Friday, July 31, 2009, 7/31/2009 02:27:00 PM

Judge from Eaton Aerospace Trade Secrets Case to Plead Guilty to Lying to FBI in Unrelated Scruggs Attorney Fee Case

By Todd

We have reported about the Eaton Aerospace trade secrets matter before: That report was about the criminal indictments of the former employees. But there was a civil case between Eaton Aerospace and Frisby, too.

In the civil case, the trade secrets allegedly misappropriated and at issue relate to hydraulic pumps and motors for military and commercial aerospace applications. The five former employees -- Rodney Case, Kevin Clark, Mike Fulton, Douglas Murphy and James Ward -- are co-defendants with Frisby (now known as Triumph Actuation Systems).

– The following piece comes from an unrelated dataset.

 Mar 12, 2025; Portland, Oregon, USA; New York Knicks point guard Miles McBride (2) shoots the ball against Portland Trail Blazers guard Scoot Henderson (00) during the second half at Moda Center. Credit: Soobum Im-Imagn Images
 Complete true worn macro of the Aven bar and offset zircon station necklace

The judge assigned to the case was Judge Bobby DeLaughter. Judge DeLaughter's former boss and mentor is a Mississippi attorney named Ed Peters, an attorney who formerly represented Eaton as local counsel in the trade secrets case. Well, Judge DeLaughter is allegedly pleading guilty to lying to the FBI in an investigation of his judicial conduct in an unrelated case. DeLaughter has apparently admitted to lying to an FBI agent investigating a legal fees dispute lawsuit he was assigned to involving former mega-attorney attorney Dickie Scruggs. Peters is alleged to have played a key role in the Scruggs' rulings from Judge DeLaughter. Here is a copy of the indictment of DeLaughter:

We note that Frisby's attorneys maintain rulings from DeLaughter began going in Eaton's favor when Peters became one of Eaton's attorneys - but we've not reviewed any reliable evidence that substantiates this allegation. If Frisby attorneys can prove DeLaughter was improperly influenced by Peters and Eaton knew about it, Eaton's lawsuit and previous rulings made by DeLaughter could be reviewed and/or overturned. What's clear is that DeLaughter's plea is making a mess of things down in Mississippi.

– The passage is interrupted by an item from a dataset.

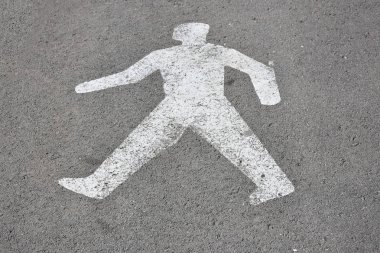 asphalt road with white human sign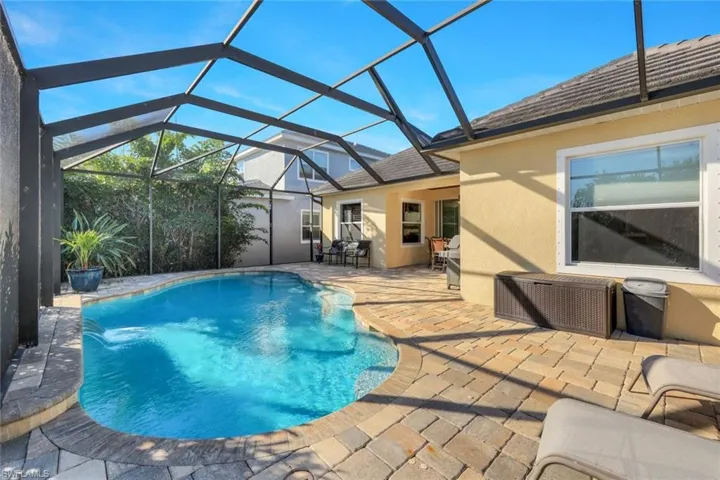 Swimming pool featuring a patio, a lanai, and a sunroom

Eaton attorneys and officials have said the company hasn't done anything wrong. They said if Peters did anything improper, it was without the company's knowledge. Peters has not been charged with any criminal wrongdoing, but he voluntarily relinquished his law licenses.

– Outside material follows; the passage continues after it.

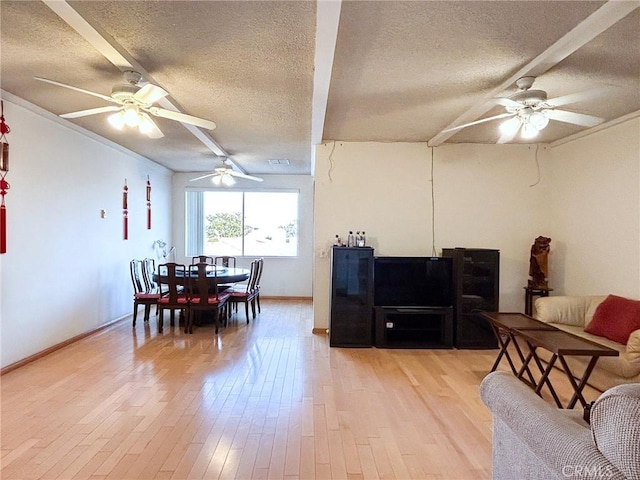 living room with ceiling fan, light hardwood / wood-style flooring, and a textured ceiling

What ultimate impact Judge DeLaughter's guilty plea with have on this civil misappropriation case can only wait to be seen. We'll report back.
We inadvertently reported that the indictments against the five former Eaton Aerospace employees had been "thrown out" by the federal judge assigned to the matter. This was incorrect. The five indictments have not been thrown out. See: United States District Judge Barbour has continued the trial date in this matter, noting: "The court enters this order based on the court's finding that this case is so unusual and complex due to the nature of the prosecution, the number of defendants, and the volume of discovery that it is unreasonable to expect adequate preparation for pretrial proceedings or for the trial itself within the time limits established by the Speedy Trial Act." Our apologies for the error - although some of the indictments were originally dismissed, a number of the indictments stand and trial of these matters looks likely.